Here she is! 7lbs 10 ozs of cutie pie!:bouncy:










My foot was arched but you get the idea..oops. Ok on the art yarn strands, there are three rows of crochet and then I wove in the hang down parts then crocheted in the ends on both sides of each sock...I am going to hand stitch them down from the back with black thread so they will stay down against the sock. Each color is attached to black yarn per the art yarn weave so this will be easy. They will be hand wash of course.  










This is a close up of the cuff portion.


----------



## Lythrum (Dec 19, 2005)

Love the socks and the grandbaby


----------



## Miz Mary (Feb 15, 2003)

beautiful !!!! both of them !


----------



## Marchwind (May 10, 2002)

Congratulations on the grand baby! She is beautiful 

Love the socks. Can you take another picture without the light behind them? Maybe from the other side with the light shining right on them. They look really cool from what I can see.


----------



## Maura (Jun 6, 2004)

Beautiful baby! You'll need to knit Christmas socks for her.


----------



## romysbaskets (Aug 29, 2009)

Lythrum said:


> Love the socks and the grandbaby


Thank you! I could not help but share the pic of Ellie!



Miz Mary said:


> beautiful !!!! both of them !


Thank you, gosh the socks were inspired by the baby...LOL I had to do something while we waited....



Marchwind said:


> Congratulations on the grand baby! She is beautiful
> 
> Thank you! To me a baby is eye candy...LOL
> 
> Love the socks. Can you take another picture without the light behind them? Maybe from the other side with the light shining right on them. They look really cool from what I can see.

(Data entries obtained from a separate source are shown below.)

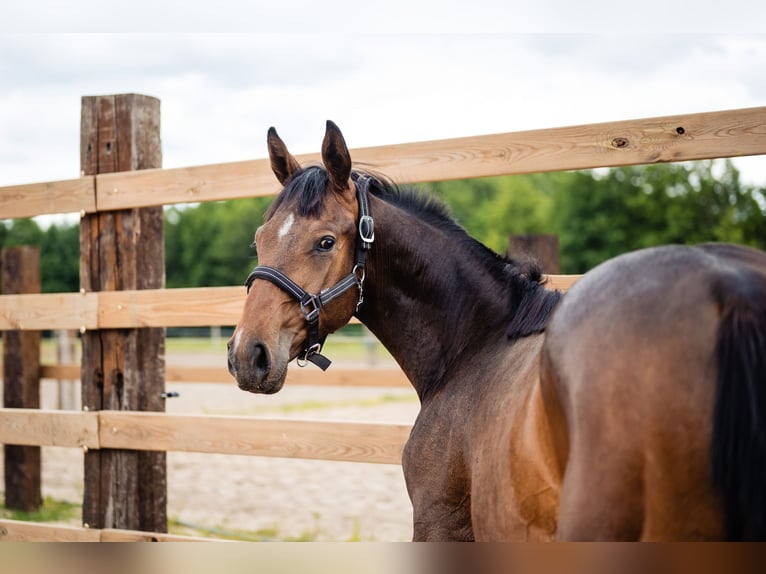 Anglo European Studbook Stallion 2 years 16,1 hh Bay in Świetakowo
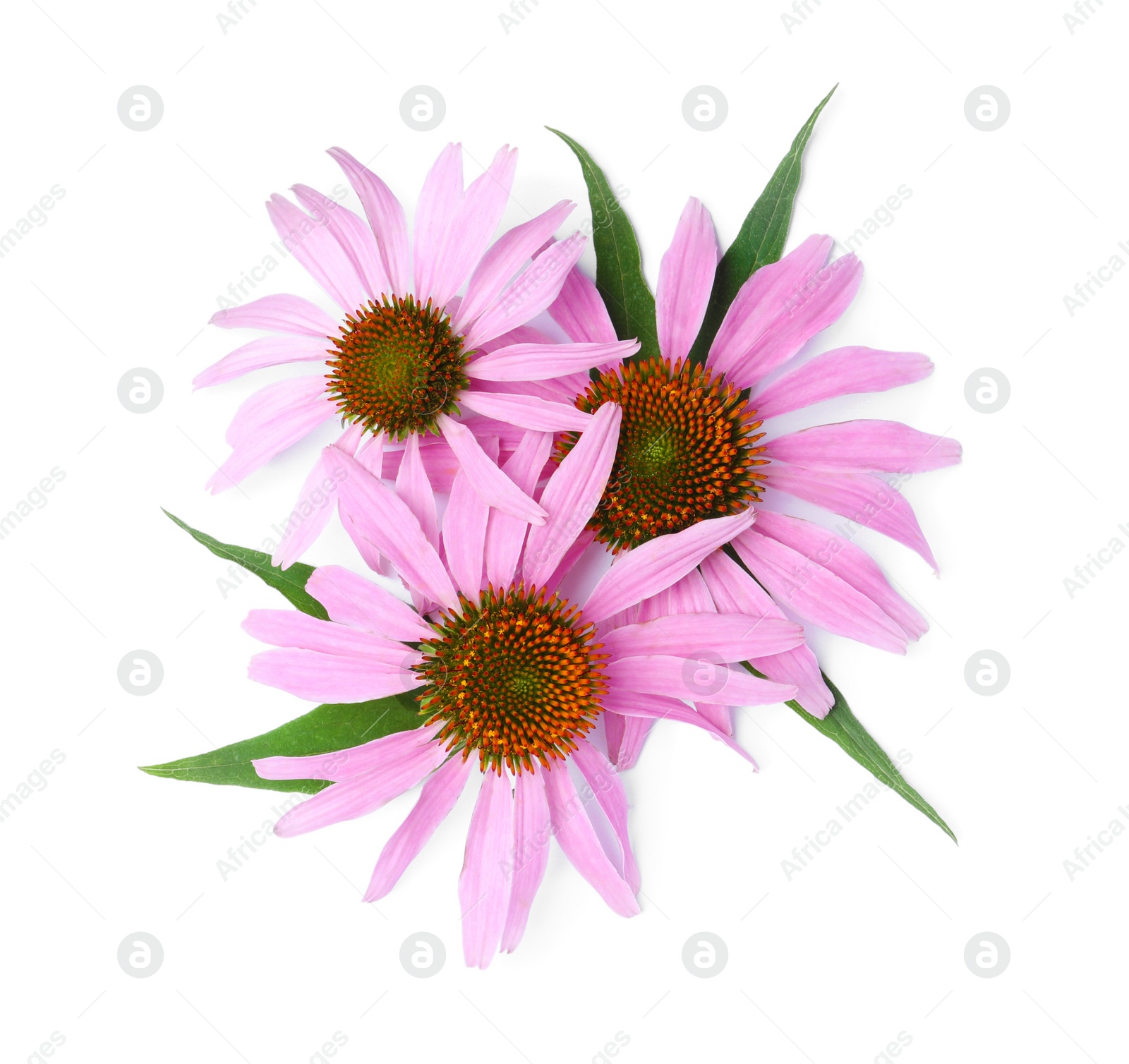 Photo of Beautiful blooming echinacea flowers with leaves on white background, top view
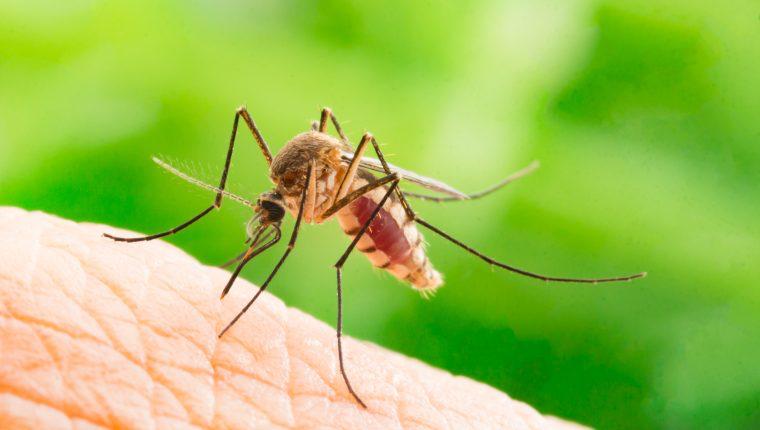 Imagen de ¿Por qué de las miles de especies, los mosquitos prefieren a los seres humanos para picarlos?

Thank you! Here is a better couple of pics I think that took to post for you. These are simple socks, I did a lacey affect to the top of the first half of the foot to the ankle and then a more solid crochet for the rest. 





















Maura said:


> Beautiful baby! You'll need to knit Christmas socks for her.

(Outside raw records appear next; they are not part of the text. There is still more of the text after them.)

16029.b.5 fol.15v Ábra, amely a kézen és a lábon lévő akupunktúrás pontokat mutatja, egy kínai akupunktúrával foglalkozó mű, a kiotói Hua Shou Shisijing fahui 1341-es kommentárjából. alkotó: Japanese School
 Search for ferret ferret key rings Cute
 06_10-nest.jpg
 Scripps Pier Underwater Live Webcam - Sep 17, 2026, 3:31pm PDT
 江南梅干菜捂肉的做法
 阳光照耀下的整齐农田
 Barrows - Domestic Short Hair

Thank you! Gosh I made so much for Ellie before she got here....but yes..I will of course be making her lots more.


----------



## mamajohnson (Nov 27, 2002)

Love the socks! and the beautiful grandbaby! 
You really do some wonderful crochet work. Someday I need to try that.


----------



## Woodpecker (Mar 8, 2007)

Beautiful socks and even more beautiful granddaughter.


----------



## romysbaskets (Aug 29, 2009)

mamajohnson said:


> Love the socks! and the beautiful grandbaby!
> You really do some wonderful crochet work. Someday I need to try that.


Thank you Mama J., Ellie is a sweet quiet baby too. On the socks...well as my hands enjoy working, it is also great for relieving stress or avoiding it all together. They are quite warm and I am going to make a scarf to match them out of the art yarn...that will be a wild scarf, just need to decide the pattern



Woodpecker said:


> Beautiful socks and even more beautiful granddaughter.

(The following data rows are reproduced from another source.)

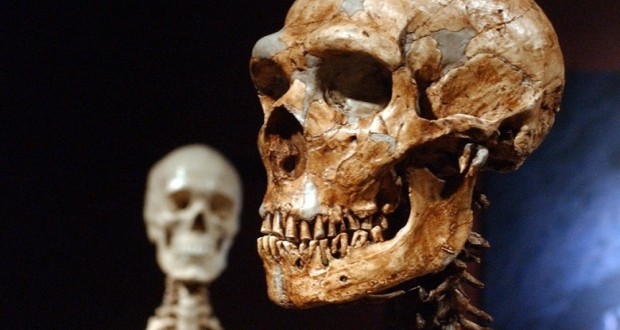 Neanderthals and modern humans Interbred 100000 Years Ago: New Study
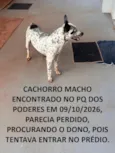 PERDIDO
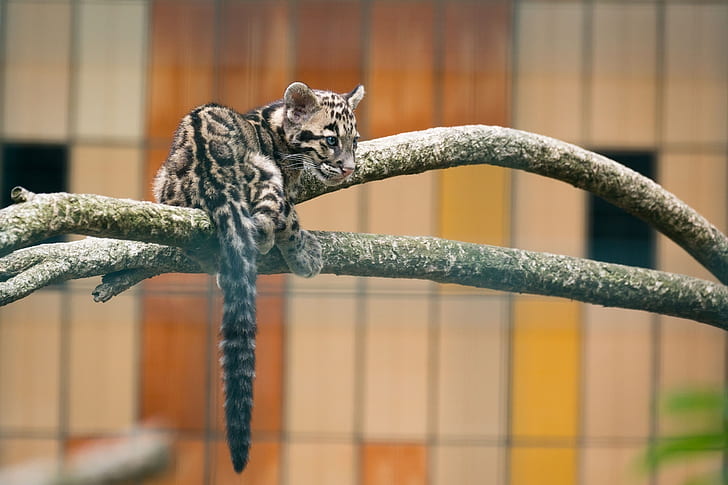 นักล่าลูกแมวป่าสวนสัตว์เสือดาวลายเมฆ, วอลล์เปเปอร์ HD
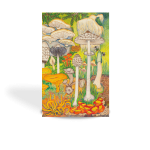 Guide d'initiation aux champignons sauvages du Québec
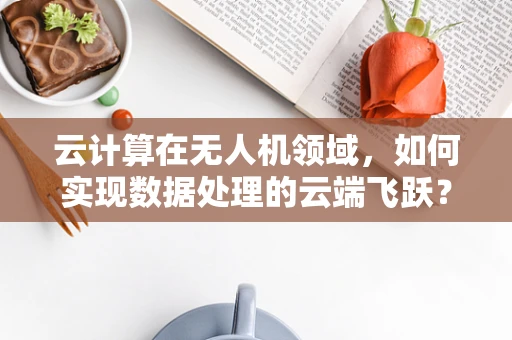 云计算在无人机领域，如何实现数据处理的云端飞跃？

Thank you Dreamy! I think every baby is beautiful...I catch myself smiling wistfully at babies on the mainland....gee I am such a Mommy that being a Grandparent comes just as easy. Oh the socks are silly aren't they? I figure since I have small amounts of different fibers, why not mix them? The Llama parts took the ball down to the last bit. I used all the wool skein up on the half of the foot section as it was all I had. These will be fun to wear.


----------